W wystąpieniu generalnym do ministra sprawiedliwości Zbigniewa Ziobry rzecznik praw obywatelskich Adam Bodnar przytacza przykłady takich orzeczeń na dowód, jak pilną sprawą jest ustawowe uregulowanie kwestii biegłych.
Zbigniew G. został skazany przez sąd I instancji na 25 lat pozbawienia wolności za zabójstwo. Ale okazało się, że dowód w postaci badania DNA został przygotowany niewłaściwie i – jak wykazał sąd II instancji - obciążał na równi co 20. mężczyznę z południowej Polski. Zbigniew G. został uniewinniony, a 1000 dni jego tymczasowego aresztowania kosztowało Skarb Państwa 323 tysiące złotych.

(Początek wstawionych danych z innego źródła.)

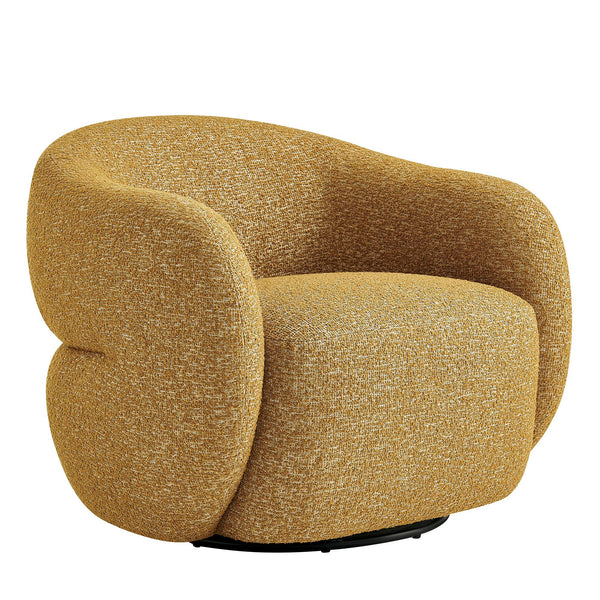 Modway Furniture Selby Swivel Accent Chair Woven Nubby Fabric Rounded Wrap Arms Living Room Seat Yellow EEI-7770-MRD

Barbara S. też została skazana przez sąd I instancji na 25 lat – za kierowanie zbrodnią zabójstwa syna. Na zwołanej przez prokuraturę konferencji biegła psycholog opowiadała, że Barbara S. ma psychopatyczną osobowość , choć - jak się okazało - biegła ta w ogóle nie badała oskarżonej. Barbara S. została uniewinniona przez Sąd Najwyższy, a Skarb Państwa musiał jej wypłacić 110 tysięcy złotych odszkodowania i zadośćuczynienia.
Błędy biegłych zaważyły też na śledztwie w sprawie porwania i zamordowania Krzysztofa Olewnika.
RPO przywołuje także sprawozdanie Najwyższej Izby Kontroli „Funkcjonowanie biegłych w wymiarze sprawiedliwości". Wynika z niego, że w latach 2012–2014 do sądów apelacyjnych i okręgowych wpłynęło 339 skarg, których przyczyną była przewlekłość wykonania opinii przez biegłych albo zasięganie przez sędziów bądź prokuratorów kolejnych opinii. Sądy uznały za zasadne 140 skarg - czyli 41 proc.